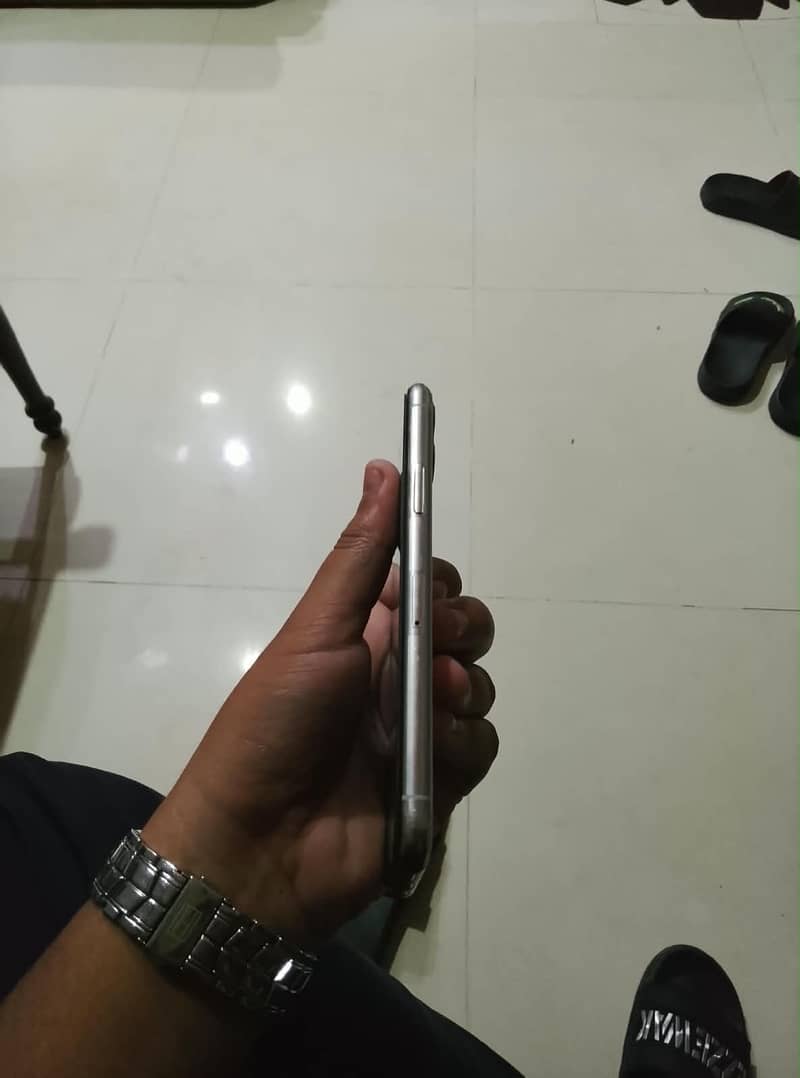 Apple iPhone 11 Pro 5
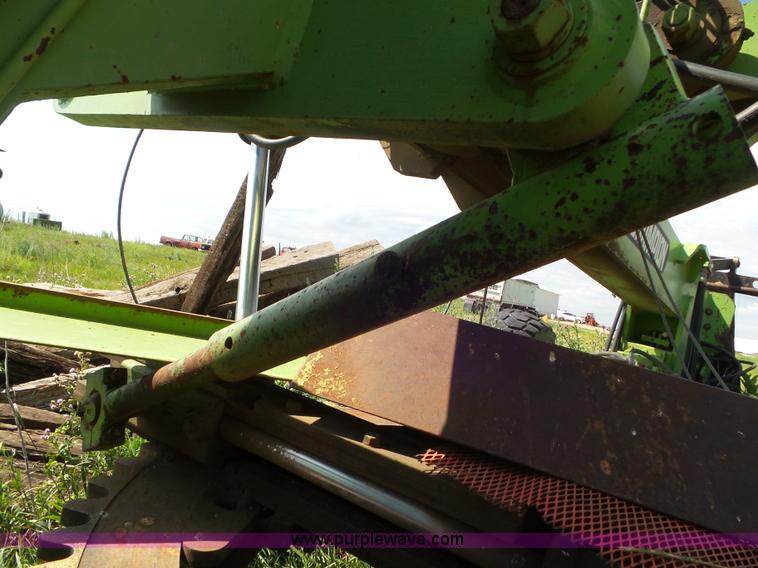 image for item L6861 Champion 740 motor grader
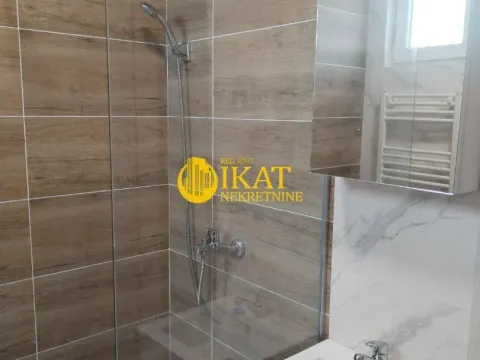 Prodaja, jednosoban stan, 41m², Centar, Stara Pazova - image 8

**What the task requires**
Except for the pictures, the whole listing above should be transcribed exactly.

**Response area**
 Apple iPhone 11 Pro 5
 image for item L6861 Champion 740 motor grader
 Prodaja, jednosoban stan, 41m², Centar, Stara Pazova - image 8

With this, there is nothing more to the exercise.